Thursday, April 16, 2009

Shoot the messenger

We in Britain all ought to be ashamed over the disclosures now coming out from America in respect of the Enhanced Interrogation Techniques employed by the CIA on prisoners captured in Iraq.

For example prisoners could be deprived of sleep for 180 hours. Prisoners could be slammed against a wall 30 times consecutively. Prisoners could be waterboarded six hours in a two hour stretch. If the prisoner got water in their throat and nose then 'an intervening physician would perform a tracheotomy.

Now the Attorney General Eric H.Holder Jr. said the Justice Department would not prosecute CIA employees, would appoint lawyers to fight legal challenges in the United States or overseas and would even pay judgments or penalties assessed against employees who followed the guidance they got from his department.

Now you might ask what has Britain and her courageous soldiers got to do with all this. Well we actually detained the prisoners which the Americans then 'tortured' with their Enhanced Interrogation Techniques, this is extra-ordinary rendition.

On the 26th February 2009 it is shown in Hansard that the new Minister of Defence John Hutton had to admit to parliament in the words 'I regret that it is now clear that inaccurate information on this particular issue (Records of Detention(Review Conclusions) has been given to the House by my department'.

The Records of Detention refers to the number of people detained by the British army in Iraq who were subsequently handed over to the Iraq and Americans for interrogation.
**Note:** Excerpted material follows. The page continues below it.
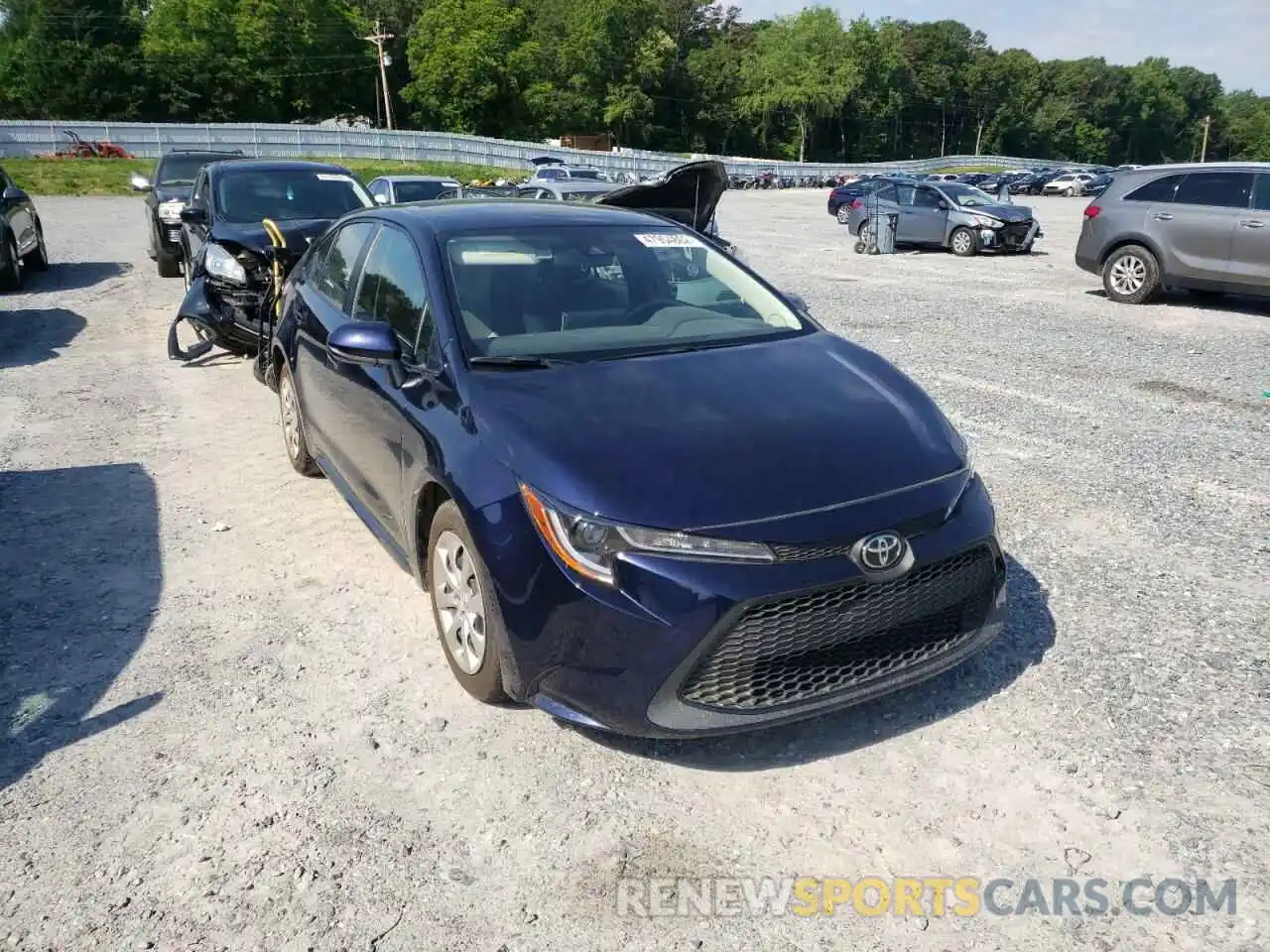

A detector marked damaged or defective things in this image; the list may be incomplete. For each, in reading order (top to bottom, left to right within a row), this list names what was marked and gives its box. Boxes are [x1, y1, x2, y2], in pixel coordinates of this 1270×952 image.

If the Americans were doing these things to their prisoners one can only imagine what the Iraqis may have done'.

This is more important than all the latest shinanigins about arresting MPs, about expenses, about smear campaigns, this is shameful. We were part of this torture by any other name. Oh, all the above was to take place unless it caused severe pain, pain was alright, severe pain not.

I want a statement from the British Prime Minister that he regrets what the American memos disclose, they are our allies and there must be no cover up. No protection from prosecution. Nobody who knew about this should be allowed to be silent. I am sure that we knew what was being done in our name. There must be an urgent public inquiry into our invlovement in this process.

There has been enough inaccurate information coming from the Ministry of Defence, it is time to clean out the stables.

In the meantime there is an injunction taken out by the Ministry of Defence preventing him from speaking in public. The truth is out there, it will not be hidden, but somebody needs to be prosecuted, even the lawyers who gave their advice, they are the guilty ones, soldiers follow orders, sometimes like in Nazi germany they should have refused them.

I regard these actions authorised and acted upon as being war crimes. Who decides on prosecutions because if some people are now charged then we are all guilty.